Listed records:
● ● ● ● ●

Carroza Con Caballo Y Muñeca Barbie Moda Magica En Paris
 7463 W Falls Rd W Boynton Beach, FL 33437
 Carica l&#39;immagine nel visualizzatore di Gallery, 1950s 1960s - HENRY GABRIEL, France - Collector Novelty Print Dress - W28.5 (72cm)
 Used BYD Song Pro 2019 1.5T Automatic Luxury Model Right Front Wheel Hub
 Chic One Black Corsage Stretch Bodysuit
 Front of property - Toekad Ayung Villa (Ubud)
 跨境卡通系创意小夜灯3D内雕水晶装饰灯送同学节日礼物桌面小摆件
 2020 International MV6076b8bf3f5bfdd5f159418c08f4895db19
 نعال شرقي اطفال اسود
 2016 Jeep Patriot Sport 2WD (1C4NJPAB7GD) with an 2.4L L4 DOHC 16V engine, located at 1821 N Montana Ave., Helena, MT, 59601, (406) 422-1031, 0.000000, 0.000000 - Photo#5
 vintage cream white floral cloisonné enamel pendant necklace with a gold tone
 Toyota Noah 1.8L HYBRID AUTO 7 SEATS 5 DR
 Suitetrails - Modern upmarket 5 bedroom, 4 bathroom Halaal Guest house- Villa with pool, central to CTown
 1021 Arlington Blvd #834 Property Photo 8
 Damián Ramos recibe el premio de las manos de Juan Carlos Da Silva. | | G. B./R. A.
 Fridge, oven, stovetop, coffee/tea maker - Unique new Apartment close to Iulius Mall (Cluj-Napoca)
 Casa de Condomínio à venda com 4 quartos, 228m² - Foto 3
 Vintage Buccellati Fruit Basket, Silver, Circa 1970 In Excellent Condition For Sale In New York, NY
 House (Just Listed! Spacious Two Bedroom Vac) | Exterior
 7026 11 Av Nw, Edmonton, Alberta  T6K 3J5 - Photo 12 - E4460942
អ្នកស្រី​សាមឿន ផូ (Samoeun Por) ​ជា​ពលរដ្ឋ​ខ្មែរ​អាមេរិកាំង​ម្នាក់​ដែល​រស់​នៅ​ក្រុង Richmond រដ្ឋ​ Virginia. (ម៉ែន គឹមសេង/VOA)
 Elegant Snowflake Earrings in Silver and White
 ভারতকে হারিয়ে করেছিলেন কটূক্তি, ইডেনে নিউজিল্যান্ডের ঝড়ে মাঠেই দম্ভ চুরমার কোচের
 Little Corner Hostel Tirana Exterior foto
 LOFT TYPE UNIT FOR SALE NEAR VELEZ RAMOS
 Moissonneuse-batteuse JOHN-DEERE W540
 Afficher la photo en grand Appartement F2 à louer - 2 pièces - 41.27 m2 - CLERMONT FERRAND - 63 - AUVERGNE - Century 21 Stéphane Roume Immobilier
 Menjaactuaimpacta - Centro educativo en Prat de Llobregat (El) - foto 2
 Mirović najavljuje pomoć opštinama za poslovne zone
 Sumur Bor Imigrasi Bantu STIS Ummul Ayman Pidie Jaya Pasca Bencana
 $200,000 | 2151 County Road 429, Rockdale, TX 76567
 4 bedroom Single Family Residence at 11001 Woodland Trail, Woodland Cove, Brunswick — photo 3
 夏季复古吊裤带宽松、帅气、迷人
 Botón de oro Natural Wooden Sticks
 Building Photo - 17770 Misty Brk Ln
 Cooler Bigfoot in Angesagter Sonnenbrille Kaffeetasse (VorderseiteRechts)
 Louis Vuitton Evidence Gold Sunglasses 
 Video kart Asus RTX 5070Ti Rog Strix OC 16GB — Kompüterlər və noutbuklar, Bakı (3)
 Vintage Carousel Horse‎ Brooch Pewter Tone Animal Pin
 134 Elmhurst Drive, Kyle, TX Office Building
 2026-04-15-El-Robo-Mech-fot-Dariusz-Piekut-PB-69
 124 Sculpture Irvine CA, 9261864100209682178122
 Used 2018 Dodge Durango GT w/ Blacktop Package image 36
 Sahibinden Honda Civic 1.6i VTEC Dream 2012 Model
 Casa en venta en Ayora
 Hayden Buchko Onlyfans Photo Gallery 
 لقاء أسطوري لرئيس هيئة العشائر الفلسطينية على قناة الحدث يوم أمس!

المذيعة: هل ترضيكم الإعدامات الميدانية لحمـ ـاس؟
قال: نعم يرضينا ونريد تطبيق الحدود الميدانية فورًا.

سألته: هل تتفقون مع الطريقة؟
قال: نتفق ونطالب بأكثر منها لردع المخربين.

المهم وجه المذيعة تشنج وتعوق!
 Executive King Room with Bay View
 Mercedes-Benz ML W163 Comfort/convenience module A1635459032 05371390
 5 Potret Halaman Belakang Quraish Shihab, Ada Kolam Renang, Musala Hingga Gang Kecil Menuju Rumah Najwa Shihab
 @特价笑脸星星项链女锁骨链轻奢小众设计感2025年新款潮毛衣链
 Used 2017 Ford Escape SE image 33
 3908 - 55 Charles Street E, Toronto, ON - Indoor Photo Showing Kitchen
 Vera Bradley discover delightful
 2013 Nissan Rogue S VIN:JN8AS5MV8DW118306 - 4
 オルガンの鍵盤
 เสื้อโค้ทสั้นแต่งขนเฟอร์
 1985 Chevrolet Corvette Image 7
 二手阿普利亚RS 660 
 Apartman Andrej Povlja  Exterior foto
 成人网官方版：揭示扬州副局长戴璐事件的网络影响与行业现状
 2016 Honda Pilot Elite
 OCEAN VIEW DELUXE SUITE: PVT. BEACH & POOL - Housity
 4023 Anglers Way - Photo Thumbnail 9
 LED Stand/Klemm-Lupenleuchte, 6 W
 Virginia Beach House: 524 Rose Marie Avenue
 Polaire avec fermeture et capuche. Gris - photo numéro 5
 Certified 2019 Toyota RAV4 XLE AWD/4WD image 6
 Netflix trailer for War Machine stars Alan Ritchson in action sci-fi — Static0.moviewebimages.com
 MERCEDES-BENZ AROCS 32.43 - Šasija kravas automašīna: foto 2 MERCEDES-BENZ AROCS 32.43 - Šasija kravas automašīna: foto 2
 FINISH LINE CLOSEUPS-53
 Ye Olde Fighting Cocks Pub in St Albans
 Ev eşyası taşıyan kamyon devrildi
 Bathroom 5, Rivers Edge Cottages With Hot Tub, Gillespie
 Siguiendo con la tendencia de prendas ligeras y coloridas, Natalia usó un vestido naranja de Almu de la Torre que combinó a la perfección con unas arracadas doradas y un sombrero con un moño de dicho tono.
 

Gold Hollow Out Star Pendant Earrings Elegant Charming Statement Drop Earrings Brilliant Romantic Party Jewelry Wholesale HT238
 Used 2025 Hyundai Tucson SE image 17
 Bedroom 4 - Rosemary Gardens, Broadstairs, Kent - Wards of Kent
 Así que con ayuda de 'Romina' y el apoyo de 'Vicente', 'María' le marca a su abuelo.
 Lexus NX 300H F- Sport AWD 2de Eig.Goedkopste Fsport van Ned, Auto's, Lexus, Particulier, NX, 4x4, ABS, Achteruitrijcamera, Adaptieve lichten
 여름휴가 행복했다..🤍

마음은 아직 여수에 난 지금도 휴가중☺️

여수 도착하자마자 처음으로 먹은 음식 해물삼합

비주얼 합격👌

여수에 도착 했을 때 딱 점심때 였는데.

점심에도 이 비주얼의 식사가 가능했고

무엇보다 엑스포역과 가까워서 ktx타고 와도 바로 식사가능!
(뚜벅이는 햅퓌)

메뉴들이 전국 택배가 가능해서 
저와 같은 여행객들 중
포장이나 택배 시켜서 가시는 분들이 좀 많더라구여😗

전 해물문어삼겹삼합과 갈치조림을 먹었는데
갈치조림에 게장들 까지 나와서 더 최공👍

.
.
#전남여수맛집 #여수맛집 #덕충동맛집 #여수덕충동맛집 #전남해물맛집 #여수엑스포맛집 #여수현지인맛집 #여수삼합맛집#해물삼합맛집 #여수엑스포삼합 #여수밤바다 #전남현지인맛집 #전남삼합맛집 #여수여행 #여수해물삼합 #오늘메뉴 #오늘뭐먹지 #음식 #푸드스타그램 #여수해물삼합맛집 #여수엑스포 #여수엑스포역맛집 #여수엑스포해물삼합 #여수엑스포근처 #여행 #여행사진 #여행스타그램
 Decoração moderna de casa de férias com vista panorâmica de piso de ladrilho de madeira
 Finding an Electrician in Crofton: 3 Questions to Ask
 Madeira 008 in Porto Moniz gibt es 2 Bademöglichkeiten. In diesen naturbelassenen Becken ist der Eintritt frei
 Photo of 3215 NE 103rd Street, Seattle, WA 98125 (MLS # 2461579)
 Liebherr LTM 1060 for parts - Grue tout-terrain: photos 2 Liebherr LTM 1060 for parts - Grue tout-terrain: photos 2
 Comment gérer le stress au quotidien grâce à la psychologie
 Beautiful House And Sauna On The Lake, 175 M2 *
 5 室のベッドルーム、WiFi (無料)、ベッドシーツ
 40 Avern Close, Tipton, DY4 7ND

● ● ● ● ●

Problem description: The lines above from the one with "LOFT TYPE UNIT FOR SALE NEAR VELEZ RAMOS" through the one with "134 Elmhurst Drive, Kyle, TX Office Building" are to be duplicated exactly, ends included, with nothing added.

Answer section:
 LOFT TYPE UNIT FOR SALE NEAR VELEZ RAMOS
 Moissonneuse-batteuse JOHN-DEERE W540
 Afficher la photo en grand Appartement F2 à louer - 2 pièces - 41.27 m2 - CLERMONT FERRAND - 63 - AUVERGNE - Century 21 Stéphane Roume Immobilier
 Menjaactuaimpacta - Centro educativo en Prat de Llobregat (El) - foto 2
 Mirović najavljuje pomoć opštinama za poslovne zone
 Sumur Bor Imigrasi Bantu STIS Ummul Ayman Pidie Jaya Pasca Bencana
 $200,000 | 2151 County Road 429, Rockdale, TX 76567
 4 bedroom Single Family Residence at 11001 Woodland Trail, Woodland Cove, Brunswick — photo 3
 夏季复古吊裤带宽松、帅气、迷人
 Botón de oro Natural Wooden Sticks
 Building Photo - 17770 Misty Brk Ln
 Cooler Bigfoot in Angesagter Sonnenbrille Kaffeetasse (VorderseiteRechts)
 Louis Vuitton Evidence Gold Sunglasses 
 Video kart Asus RTX 5070Ti Rog Strix OC 16GB — Kompüterlər və noutbuklar, Bakı (3)
 Vintage Carousel Horse‎ Brooch Pewter Tone Animal Pin
 134 Elmhurst Drive, Kyle, TX Office Building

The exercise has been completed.